> _Exercise directions_: Could you set down exactly the lines of the data below, starting at the one that holds "SERIOUS PANTS Grey" and ending at the one that holds "Autos - Volkswagen", both included, and only those?

Scraped caption text data:

* * * * * * * * *

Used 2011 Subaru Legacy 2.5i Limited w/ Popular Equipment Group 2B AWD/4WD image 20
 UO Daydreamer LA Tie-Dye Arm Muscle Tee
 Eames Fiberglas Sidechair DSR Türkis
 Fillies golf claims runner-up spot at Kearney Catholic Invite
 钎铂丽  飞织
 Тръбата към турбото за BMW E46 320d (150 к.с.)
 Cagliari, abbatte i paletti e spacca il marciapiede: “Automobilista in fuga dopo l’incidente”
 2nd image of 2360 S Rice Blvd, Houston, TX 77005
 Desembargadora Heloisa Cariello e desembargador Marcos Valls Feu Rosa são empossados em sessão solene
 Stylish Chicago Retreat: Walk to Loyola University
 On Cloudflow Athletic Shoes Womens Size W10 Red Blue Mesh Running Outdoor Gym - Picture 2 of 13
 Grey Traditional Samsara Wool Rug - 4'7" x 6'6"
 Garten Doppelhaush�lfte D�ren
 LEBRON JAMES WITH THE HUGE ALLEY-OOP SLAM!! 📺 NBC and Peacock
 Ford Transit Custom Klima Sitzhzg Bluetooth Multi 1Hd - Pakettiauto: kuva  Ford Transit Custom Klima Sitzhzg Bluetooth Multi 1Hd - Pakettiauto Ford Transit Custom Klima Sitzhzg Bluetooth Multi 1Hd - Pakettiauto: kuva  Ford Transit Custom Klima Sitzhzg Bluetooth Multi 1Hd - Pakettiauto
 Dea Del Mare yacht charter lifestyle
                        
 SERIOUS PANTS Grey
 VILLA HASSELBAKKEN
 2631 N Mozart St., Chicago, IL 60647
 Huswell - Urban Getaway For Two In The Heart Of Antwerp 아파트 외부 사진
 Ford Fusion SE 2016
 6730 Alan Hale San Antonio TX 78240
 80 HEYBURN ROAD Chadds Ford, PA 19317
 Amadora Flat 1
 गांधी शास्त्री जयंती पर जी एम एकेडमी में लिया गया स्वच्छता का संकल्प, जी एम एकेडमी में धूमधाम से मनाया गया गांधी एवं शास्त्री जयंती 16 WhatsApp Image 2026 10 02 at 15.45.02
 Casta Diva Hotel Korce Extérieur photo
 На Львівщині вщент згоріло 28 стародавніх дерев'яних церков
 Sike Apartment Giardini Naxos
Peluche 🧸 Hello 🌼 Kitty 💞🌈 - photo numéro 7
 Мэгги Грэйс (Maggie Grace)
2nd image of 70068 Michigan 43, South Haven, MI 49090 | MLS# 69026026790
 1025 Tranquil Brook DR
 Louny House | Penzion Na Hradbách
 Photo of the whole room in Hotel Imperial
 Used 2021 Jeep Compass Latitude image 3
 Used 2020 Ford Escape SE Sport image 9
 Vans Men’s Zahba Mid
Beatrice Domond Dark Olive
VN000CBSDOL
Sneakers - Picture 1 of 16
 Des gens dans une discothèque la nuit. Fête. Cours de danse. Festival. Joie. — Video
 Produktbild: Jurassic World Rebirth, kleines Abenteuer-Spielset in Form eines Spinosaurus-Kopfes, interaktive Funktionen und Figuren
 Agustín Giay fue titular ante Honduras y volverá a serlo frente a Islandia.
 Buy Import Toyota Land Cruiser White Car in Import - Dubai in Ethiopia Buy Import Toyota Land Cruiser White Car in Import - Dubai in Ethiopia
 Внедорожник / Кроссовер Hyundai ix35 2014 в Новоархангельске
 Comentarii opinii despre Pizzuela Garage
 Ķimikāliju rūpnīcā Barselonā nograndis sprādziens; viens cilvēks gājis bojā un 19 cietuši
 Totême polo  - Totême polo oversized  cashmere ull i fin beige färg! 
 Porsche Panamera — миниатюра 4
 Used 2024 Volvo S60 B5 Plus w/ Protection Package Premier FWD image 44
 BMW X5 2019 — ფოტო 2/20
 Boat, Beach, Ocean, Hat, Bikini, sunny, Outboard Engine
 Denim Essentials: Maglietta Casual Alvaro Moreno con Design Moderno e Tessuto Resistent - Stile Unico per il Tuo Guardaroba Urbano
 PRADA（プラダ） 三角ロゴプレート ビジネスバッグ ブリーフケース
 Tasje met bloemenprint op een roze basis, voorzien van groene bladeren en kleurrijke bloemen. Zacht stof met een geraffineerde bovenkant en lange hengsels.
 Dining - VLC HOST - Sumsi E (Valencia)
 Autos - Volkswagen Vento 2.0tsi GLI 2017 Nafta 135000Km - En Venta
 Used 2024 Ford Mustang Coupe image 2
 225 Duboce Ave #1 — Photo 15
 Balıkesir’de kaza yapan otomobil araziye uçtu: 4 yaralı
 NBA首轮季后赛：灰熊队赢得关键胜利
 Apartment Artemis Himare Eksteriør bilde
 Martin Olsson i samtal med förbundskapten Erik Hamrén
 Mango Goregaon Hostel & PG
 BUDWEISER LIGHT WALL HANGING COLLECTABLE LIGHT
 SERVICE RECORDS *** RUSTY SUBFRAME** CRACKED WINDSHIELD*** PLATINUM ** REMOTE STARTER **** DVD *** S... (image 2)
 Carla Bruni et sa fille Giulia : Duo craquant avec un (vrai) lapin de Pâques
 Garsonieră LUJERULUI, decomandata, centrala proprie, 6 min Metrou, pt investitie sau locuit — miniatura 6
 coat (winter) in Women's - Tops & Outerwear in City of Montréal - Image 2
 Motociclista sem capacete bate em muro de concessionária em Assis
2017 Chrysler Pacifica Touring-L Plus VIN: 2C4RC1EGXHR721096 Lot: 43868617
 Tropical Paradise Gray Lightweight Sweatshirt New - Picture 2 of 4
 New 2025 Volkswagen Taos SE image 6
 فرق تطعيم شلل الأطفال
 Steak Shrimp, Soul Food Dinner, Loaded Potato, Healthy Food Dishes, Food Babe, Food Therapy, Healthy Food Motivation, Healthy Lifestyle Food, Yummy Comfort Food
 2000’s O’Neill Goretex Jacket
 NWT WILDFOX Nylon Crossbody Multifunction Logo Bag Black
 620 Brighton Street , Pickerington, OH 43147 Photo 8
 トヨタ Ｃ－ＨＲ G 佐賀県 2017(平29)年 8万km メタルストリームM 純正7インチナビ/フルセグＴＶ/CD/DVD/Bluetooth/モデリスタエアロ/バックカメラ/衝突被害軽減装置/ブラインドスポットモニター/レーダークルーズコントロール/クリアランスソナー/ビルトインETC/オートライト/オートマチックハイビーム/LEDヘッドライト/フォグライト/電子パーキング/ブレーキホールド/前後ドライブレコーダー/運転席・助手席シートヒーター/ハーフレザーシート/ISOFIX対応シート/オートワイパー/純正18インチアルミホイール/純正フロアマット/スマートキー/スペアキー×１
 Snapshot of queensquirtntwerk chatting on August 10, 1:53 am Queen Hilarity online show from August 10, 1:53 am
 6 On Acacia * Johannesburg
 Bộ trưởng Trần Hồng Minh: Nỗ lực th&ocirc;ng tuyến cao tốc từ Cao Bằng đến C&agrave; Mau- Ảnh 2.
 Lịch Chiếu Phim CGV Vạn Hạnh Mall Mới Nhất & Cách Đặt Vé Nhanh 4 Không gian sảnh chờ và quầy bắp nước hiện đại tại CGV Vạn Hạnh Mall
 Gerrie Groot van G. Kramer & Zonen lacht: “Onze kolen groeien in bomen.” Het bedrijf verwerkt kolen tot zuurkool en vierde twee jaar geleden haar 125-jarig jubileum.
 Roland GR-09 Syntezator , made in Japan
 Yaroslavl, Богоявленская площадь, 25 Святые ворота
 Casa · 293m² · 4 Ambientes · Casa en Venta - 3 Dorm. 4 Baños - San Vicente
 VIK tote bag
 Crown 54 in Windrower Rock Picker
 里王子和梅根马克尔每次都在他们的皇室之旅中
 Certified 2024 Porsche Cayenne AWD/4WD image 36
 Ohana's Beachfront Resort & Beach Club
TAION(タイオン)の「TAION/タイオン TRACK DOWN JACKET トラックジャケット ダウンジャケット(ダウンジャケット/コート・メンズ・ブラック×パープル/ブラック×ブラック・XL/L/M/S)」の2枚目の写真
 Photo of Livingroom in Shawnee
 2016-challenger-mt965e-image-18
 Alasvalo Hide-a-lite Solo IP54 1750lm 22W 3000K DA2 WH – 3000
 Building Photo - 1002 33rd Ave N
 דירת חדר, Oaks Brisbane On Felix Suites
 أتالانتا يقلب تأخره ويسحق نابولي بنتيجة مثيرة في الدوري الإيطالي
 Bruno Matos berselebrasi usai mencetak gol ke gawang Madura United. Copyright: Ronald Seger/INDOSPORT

* * * * * * * * *

> _Exercise solution_:
 SERIOUS PANTS Grey
 VILLA HASSELBAKKEN
 2631 N Mozart St., Chicago, IL 60647
 Huswell - Urban Getaway For Two In The Heart Of Antwerp 아파트 외부 사진
 Ford Fusion SE 2016
 6730 Alan Hale San Antonio TX 78240
 80 HEYBURN ROAD Chadds Ford, PA 19317
 Amadora Flat 1
 गांधी शास्त्री जयंती पर जी एम एकेडमी में लिया गया स्वच्छता का संकल्प, जी एम एकेडमी में धूमधाम से मनाया गया गांधी एवं शास्त्री जयंती 16 WhatsApp Image 2026 10 02 at 15.45.02
 Casta Diva Hotel Korce Extérieur photo
 На Львівщині вщент згоріло 28 стародавніх дерев'яних церков
 Sike Apartment Giardini Naxos
Peluche 🧸 Hello 🌼 Kitty 💞🌈 - photo numéro 7
 Мэгги Грэйс (Maggie Grace)
2nd image of 70068 Michigan 43, South Haven, MI 49090 | MLS# 69026026790
 1025 Tranquil Brook DR
 Louny House | Penzion Na Hradbách
 Photo of the whole room in Hotel Imperial
 Used 2021 Jeep Compass Latitude image 3
 Used 2020 Ford Escape SE Sport image 9
 Vans Men’s Zahba Mid
Beatrice Domond Dark Olive
VN000CBSDOL
Sneakers - Picture 1 of 16
 Des gens dans une discothèque la nuit. Fête. Cours de danse. Festival. Joie. — Video
 Produktbild: Jurassic World Rebirth, kleines Abenteuer-Spielset in Form eines Spinosaurus-Kopfes, interaktive Funktionen und Figuren
 Agustín Giay fue titular ante Honduras y volverá a serlo frente a Islandia.
 Buy Import Toyota Land Cruiser White Car in Import - Dubai in Ethiopia Buy Import Toyota Land Cruiser White Car in Import - Dubai in Ethiopia
 Внедорожник / Кроссовер Hyundai ix35 2014 в Новоархангельске
 Comentarii opinii despre Pizzuela Garage
 Ķimikāliju rūpnīcā Barselonā nograndis sprādziens; viens cilvēks gājis bojā un 19 cietuši
 Totême polo  - Totême polo oversized  cashmere ull i fin beige färg! 
 Porsche Panamera — миниатюра 4
 Used 2024 Volvo S60 B5 Plus w/ Protection Package Premier FWD image 44
 BMW X5 2019 — ფოტო 2/20
 Boat, Beach, Ocean, Hat, Bikini, sunny, Outboard Engine
 Denim Essentials: Maglietta Casual Alvaro Moreno con Design Moderno e Tessuto Resistent - Stile Unico per il Tuo Guardaroba Urbano
 PRADA（プラダ） 三角ロゴプレート ビジネスバッグ ブリーフケース
 Tasje met bloemenprint op een roze basis, voorzien van groene bladeren en kleurrijke bloemen. Zacht stof met een geraffineerde bovenkant en lange hengsels.
 Dining - VLC HOST - Sumsi E (Valencia)
 Autos - Volkswagen Vento 2.0tsi GLI 2017 Nafta 135000Km - En Venta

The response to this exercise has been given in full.